**About this exercise:**
Down to the final line, write out the data below exactly.

**Data supplied:**

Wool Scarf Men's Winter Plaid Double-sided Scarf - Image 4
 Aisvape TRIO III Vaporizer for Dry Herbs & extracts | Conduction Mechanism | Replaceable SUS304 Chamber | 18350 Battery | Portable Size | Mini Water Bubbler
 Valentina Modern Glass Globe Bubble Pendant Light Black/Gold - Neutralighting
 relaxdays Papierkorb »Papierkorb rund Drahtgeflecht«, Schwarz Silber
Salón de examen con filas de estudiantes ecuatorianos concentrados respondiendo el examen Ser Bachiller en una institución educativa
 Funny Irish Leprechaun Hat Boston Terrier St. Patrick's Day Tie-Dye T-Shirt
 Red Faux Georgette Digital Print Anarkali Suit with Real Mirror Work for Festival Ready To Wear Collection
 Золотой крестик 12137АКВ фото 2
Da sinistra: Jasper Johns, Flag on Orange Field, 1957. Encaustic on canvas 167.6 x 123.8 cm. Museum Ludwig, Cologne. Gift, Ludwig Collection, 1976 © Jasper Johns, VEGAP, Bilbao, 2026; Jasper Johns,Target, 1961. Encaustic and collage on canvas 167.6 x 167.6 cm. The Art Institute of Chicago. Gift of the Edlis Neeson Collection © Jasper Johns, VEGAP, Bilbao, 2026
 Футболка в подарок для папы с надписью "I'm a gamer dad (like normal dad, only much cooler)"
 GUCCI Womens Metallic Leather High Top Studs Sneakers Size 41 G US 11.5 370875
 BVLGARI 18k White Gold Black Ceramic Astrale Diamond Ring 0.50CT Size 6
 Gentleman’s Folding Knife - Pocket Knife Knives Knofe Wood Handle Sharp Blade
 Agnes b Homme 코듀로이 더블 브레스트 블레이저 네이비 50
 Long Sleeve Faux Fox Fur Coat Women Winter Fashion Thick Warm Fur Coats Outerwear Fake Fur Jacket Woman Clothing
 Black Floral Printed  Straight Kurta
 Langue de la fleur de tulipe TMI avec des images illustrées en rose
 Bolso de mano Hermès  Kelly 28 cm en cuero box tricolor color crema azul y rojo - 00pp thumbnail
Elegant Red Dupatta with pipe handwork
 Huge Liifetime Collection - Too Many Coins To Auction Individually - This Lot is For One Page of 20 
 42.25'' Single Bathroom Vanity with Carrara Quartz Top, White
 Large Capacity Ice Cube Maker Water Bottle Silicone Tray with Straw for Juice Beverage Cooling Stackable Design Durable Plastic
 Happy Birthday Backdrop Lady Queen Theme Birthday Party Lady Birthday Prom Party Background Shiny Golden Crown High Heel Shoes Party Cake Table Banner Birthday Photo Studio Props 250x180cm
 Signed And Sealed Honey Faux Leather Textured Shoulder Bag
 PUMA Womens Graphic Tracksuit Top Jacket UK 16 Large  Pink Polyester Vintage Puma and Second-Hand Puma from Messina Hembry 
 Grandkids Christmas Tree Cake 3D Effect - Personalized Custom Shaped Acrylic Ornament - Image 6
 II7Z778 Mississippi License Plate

**Completed exercise:**
Wool Scarf Men's Winter Plaid Double-sided Scarf - Image 4
 Aisvape TRIO III Vaporizer for Dry Herbs & extracts | Conduction Mechanism | Replaceable SUS304 Chamber | 18350 Battery | Portable Size | Mini Water Bubbler
 Valentina Modern Glass Globe Bubble Pendant Light Black/Gold - Neutralighting
 relaxdays Papierkorb »Papierkorb rund Drahtgeflecht«, Schwarz Silber
Salón de examen con filas de estudiantes ecuatorianos concentrados respondiendo el examen Ser Bachiller en una institución educativa
 Funny Irish Leprechaun Hat Boston Terrier St. Patrick's Day Tie-Dye T-Shirt
 Red Faux Georgette Digital Print Anarkali Suit with Real Mirror Work for Festival Ready To Wear Collection
 Золотой крестик 12137АКВ фото 2
Da sinistra: Jasper Johns, Flag on Orange Field, 1957. Encaustic on canvas 167.6 x 123.8 cm. Museum Ludwig, Cologne. Gift, Ludwig Collection, 1976 © Jasper Johns, VEGAP, Bilbao, 2026; Jasper Johns,Target, 1961. Encaustic and collage on canvas 167.6 x 167.6 cm. The Art Institute of Chicago. Gift of the Edlis Neeson Collection © Jasper Johns, VEGAP, Bilbao, 2026
 Футболка в подарок для папы с надписью "I'm a gamer dad (like normal dad, only much cooler)"
 GUCCI Womens Metallic Leather High Top Studs Sneakers Size 41 G US 11.5 370875
 BVLGARI 18k White Gold Black Ceramic Astrale Diamond Ring 0.50CT Size 6
 Gentleman’s Folding Knife - Pocket Knife Knives Knofe Wood Handle Sharp Blade
 Agnes b Homme 코듀로이 더블 브레스트 블레이저 네이비 50
 Long Sleeve Faux Fox Fur Coat Women Winter Fashion Thick Warm Fur Coats Outerwear Fake Fur Jacket Woman Clothing
 Black Floral Printed  Straight Kurta
 Langue de la fleur de tulipe TMI avec des images illustrées en rose
 Bolso de mano Hermès  Kelly 28 cm en cuero box tricolor color crema azul y rojo - 00pp thumbnail
Elegant Red Dupatta with pipe handwork
 Huge Liifetime Collection - Too Many Coins To Auction Individually - This Lot is For One Page of 20 
 42.25'' Single Bathroom Vanity with Carrara Quartz Top, White
 Large Capacity Ice Cube Maker Water Bottle Silicone Tray with Straw for Juice Beverage Cooling Stackable Design Durable Plastic
 Happy Birthday Backdrop Lady Queen Theme Birthday Party Lady Birthday Prom Party Background Shiny Golden Crown High Heel Shoes Party Cake Table Banner Birthday Photo Studio Props 250x180cm
 Signed And Sealed Honey Faux Leather Textured Shoulder Bag
 PUMA Womens Graphic Tracksuit Top Jacket UK 16 Large  Pink Polyester Vintage Puma and Second-Hand Puma from Messina Hembry 
 Grandkids Christmas Tree Cake 3D Effect - Personalized Custom Shaped Acrylic Ornament - Image 6
 II7Z778 Mississippi License Plate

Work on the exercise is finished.